▸ **The task**
Pictures excluded, copy word for word the lines from the one holding "Casa a Venda Condominio Safira" through the last line below.

☆ ☆ ☆ ☆

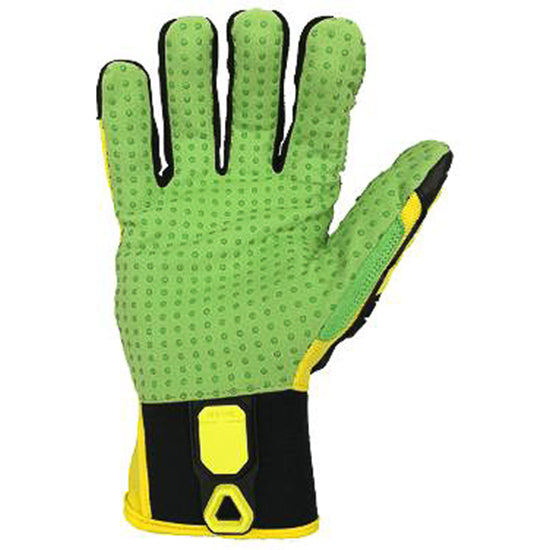 Kong High Abrasion Dexterity IVE Work Gloves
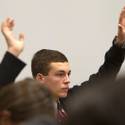 2012 Las Vegas Sun Youth Forum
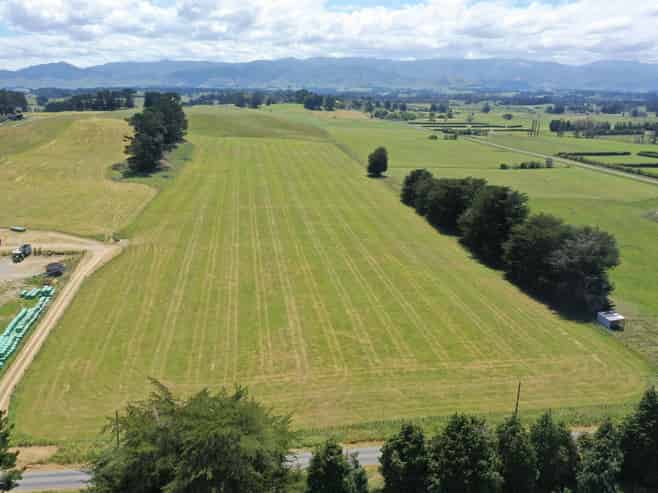 83 Norsewood Ormondville Road, Norsewood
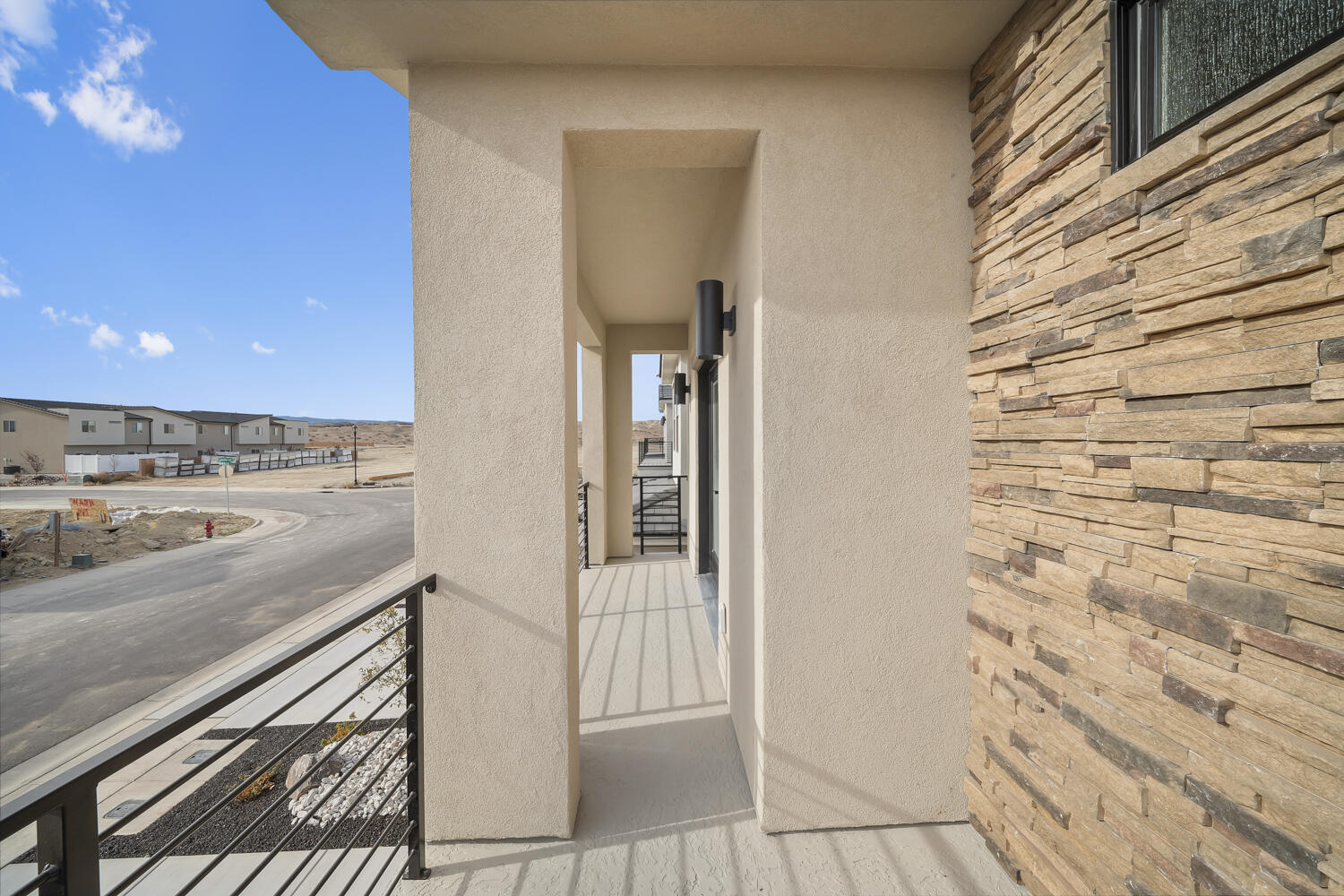 SOUTH DESERT PD - Residential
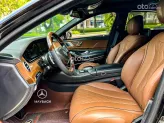 Mercedes-Benz S500 2015 - Odo 58.000 miles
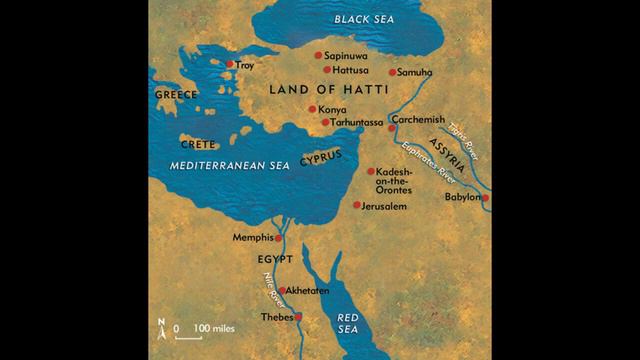 Fireside History Ep 34: The Murder of Zannanza The Never Ending War Continues between Egypt & Hatti смотреть онлайн
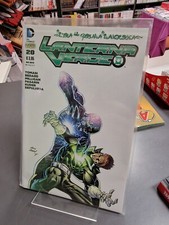 Lanterna Verde #20 (#42) - RW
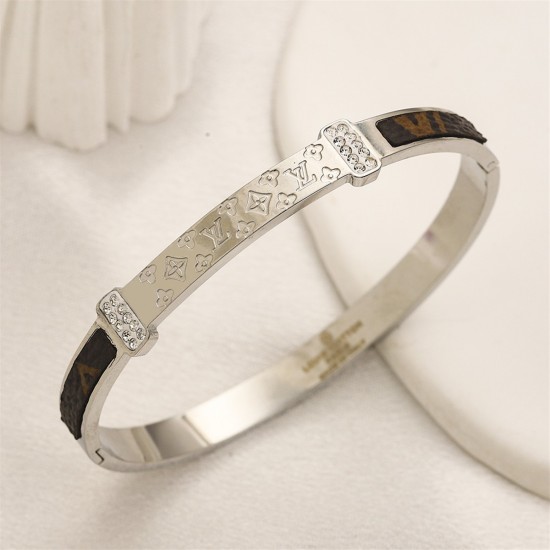 LV Jewelry Bracelet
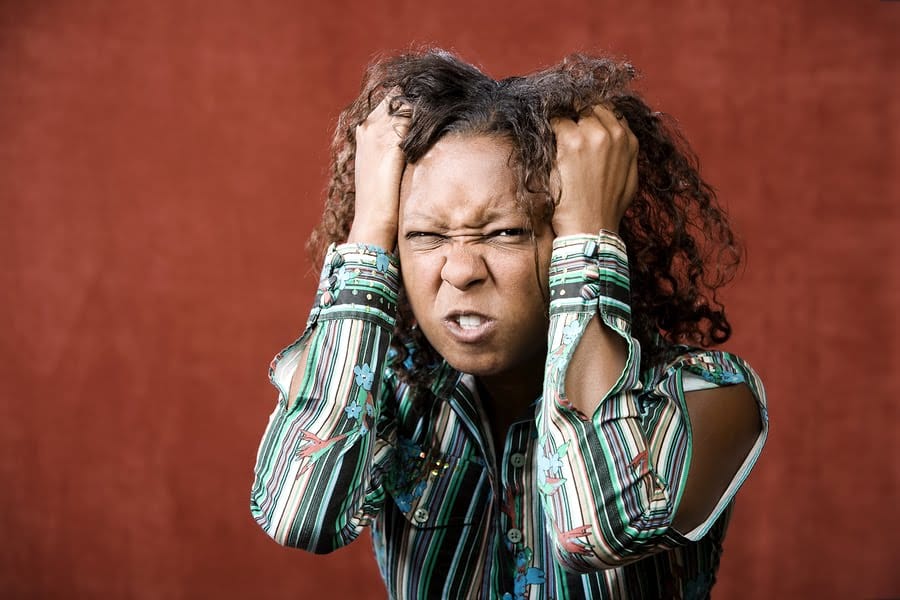 This bitch abusing my child 

Hi good night Bahama Drama please keep me anonymous but please I need some advice before I kill this bitch. 

My daughter's father girlfriend has a pr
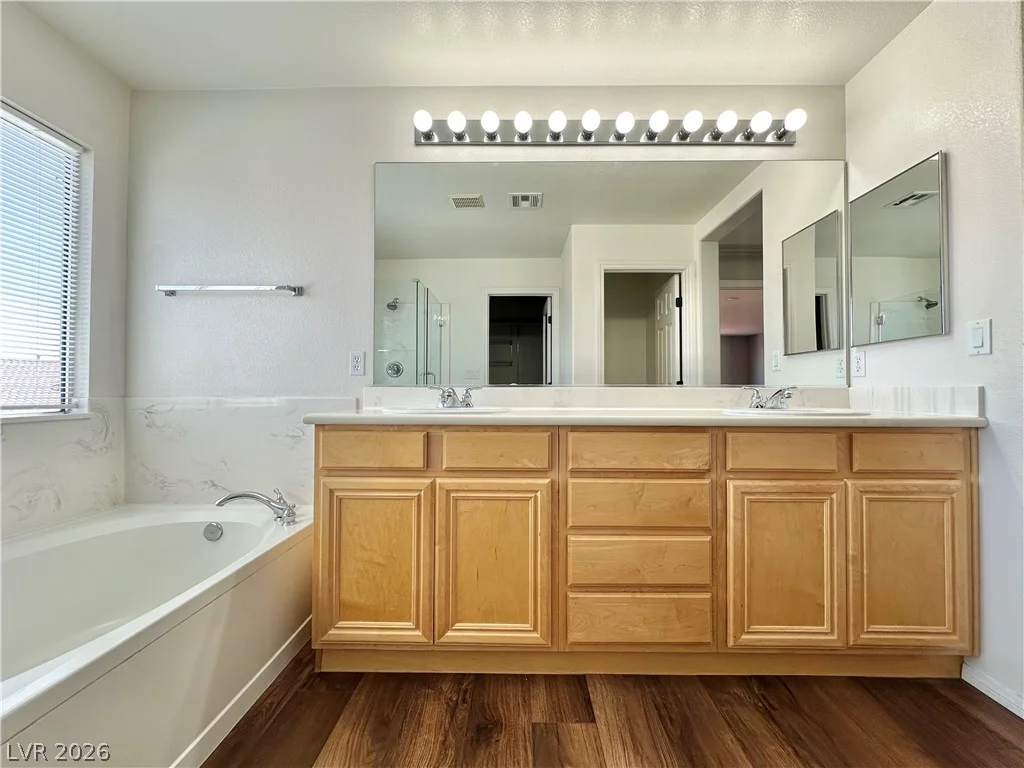 1712 Gentle Brook, North Las Vegas, NV 89084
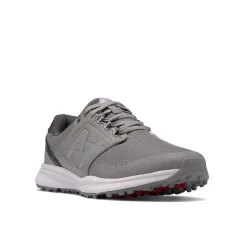 New Balance Breeze V2 Grå Grey Hot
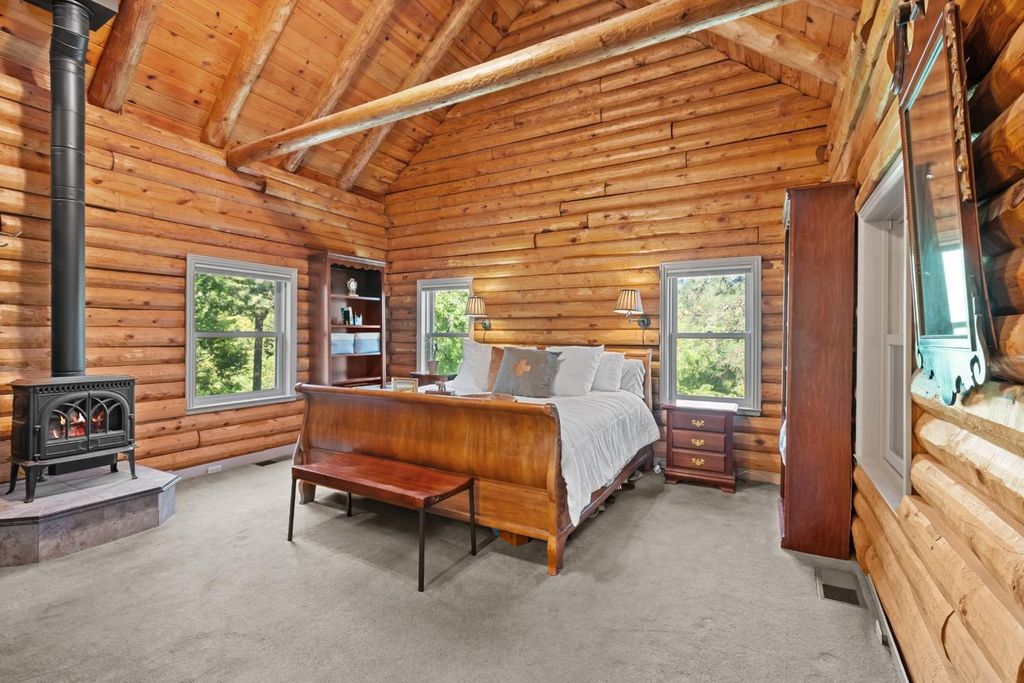 Photo of 15250 Mitchell Mine Rd, Pine Grove, CA 95665 (MLS # 226032089)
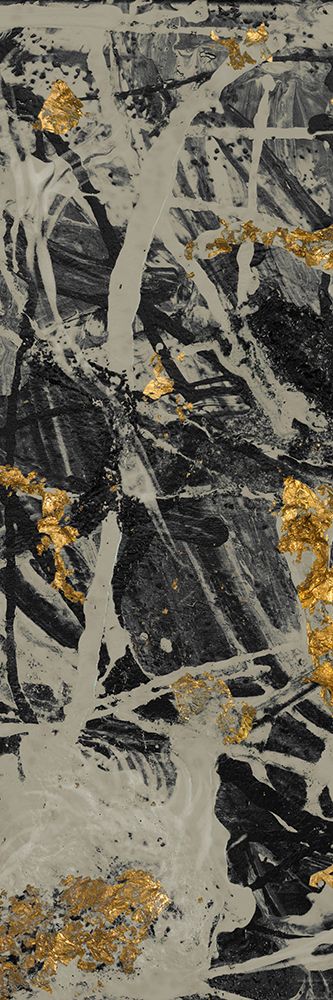 Golden Light I art print by Ajoya Grace for $57.95 CAD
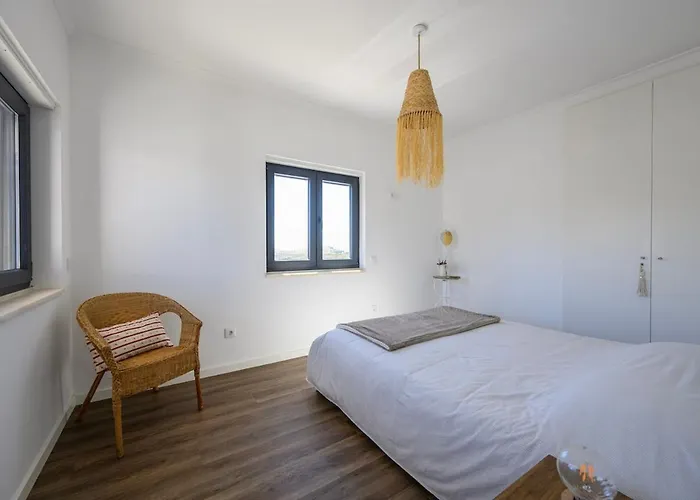 Refugio D'assenta בית נופש Assenta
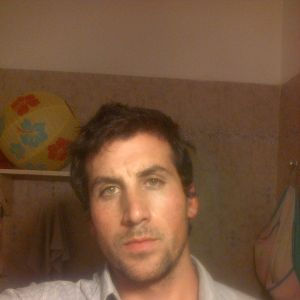 Ricardo Acosta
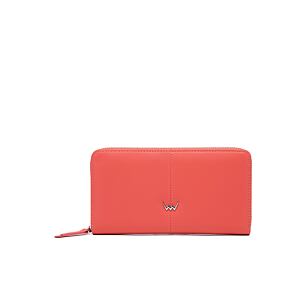Peněženka VUCH Judith Coral Pink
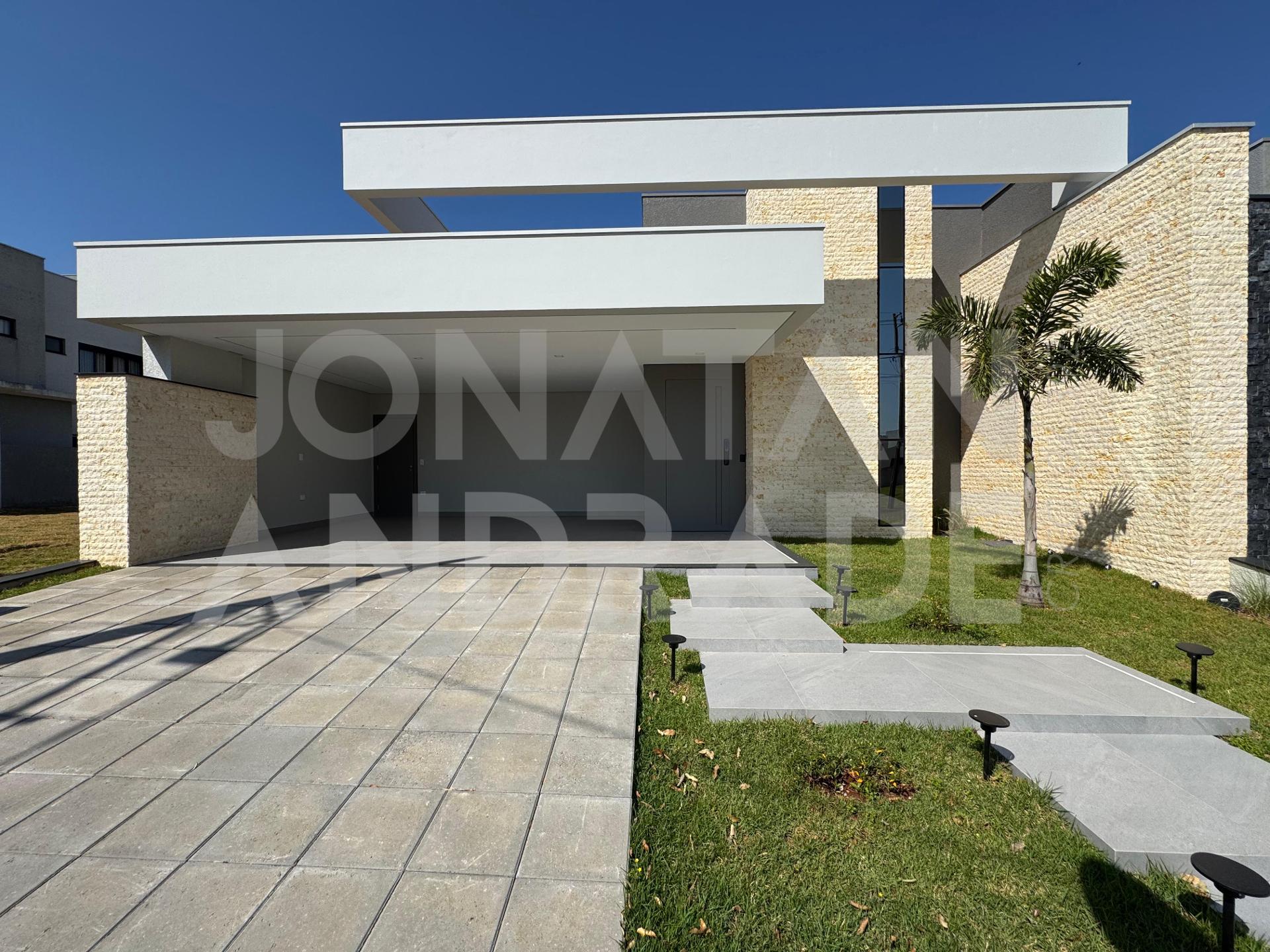 Casa a Venda Condominio Safira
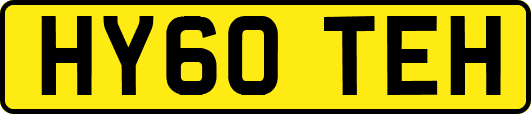 HY60TEH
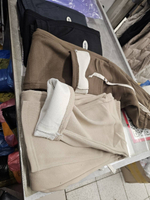 Брюки с утеплением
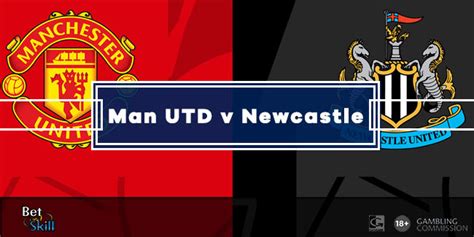 Carabao Cup Final Predictions 22 1 Bet Builder On Man UTD V Newcastle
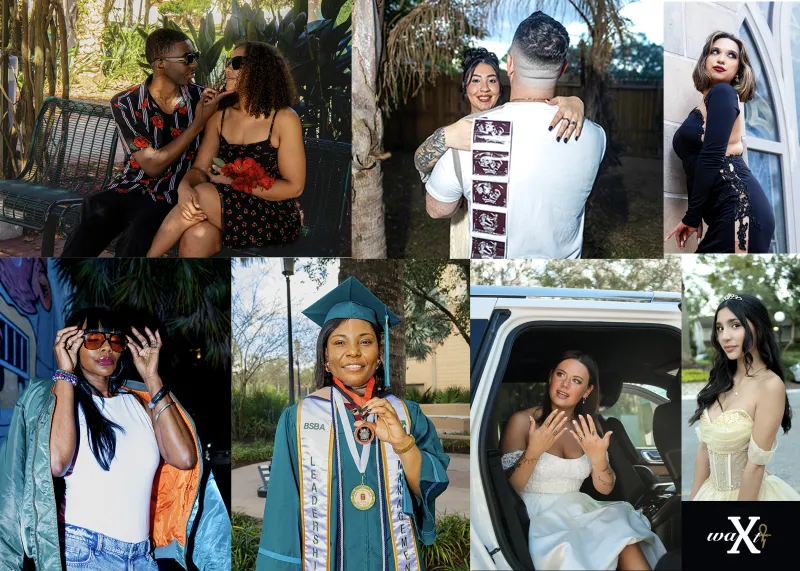 Elite Photo Shoot Package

☆ ☆ ☆ ☆

▸ **Solution**
 Casa a Venda Condominio Safira
 HY60TEH
 Брюки с утеплением
 Carabao Cup Final Predictions 22 1 Bet Builder On Man UTD V Newcastle
 Elite Photo Shoot Package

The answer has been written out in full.